This is an implementation of famous convolutional neural networks on Bird species dataset using Python 3, Keras, and Tensorflow. I trained these models and compared their results, and discussed how a model architecture can help the model success on specific data.
- Getting Started
- Requirements
- Bird Species Dataset
- Introduction to Convolutional Neural Networks Architecture
- Results
- Further Ideas
- Refrences
-
Comparative-Analysis-of-ConvNet-Architecture-on-Bird-Species-Dataset.ipynb This is the main notebook containing python code to train the models and visualize the results.
-
requirements.txt shows the required packages and dependencies to run this project.
-
/images Containing screenshots used throughout the repo.
-
note: dataset files are not uploaded here. You may check this section to find a guide on how to access them.
Python 3.8.6, TensorFlow 2.4.1, Keras 2.4.3, and other common packages listed in requirements.txt
.
You can use $ pip install -r requirements.txt
inside your virtual environment to install them all or do it manually.
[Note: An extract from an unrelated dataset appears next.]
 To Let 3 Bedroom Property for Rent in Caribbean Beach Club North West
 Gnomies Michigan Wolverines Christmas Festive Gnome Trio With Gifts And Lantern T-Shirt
Data set of 250 bird species. 35215 training images, 1250 test images(5 per species) and 1250 validation images(5 per species. All images are 224 X 224 X 3 color images in jpg format. Also includes a "consolidated" image set that combines the training, test and validation images into a single data set. This is useful for users that want to create their own training, test and validation sets. Each set contains 250 sub directories, one for each bird species.
The dataset is available on Kaggle. You can find more information and download the data here.
DISCLAIMER : Some of the notes and defenitions in this section has taken from other articles, all of them are listed on Refrences
Convolutional neural networks are comprised of two specific elements, namely convolutional layers and pooling layers.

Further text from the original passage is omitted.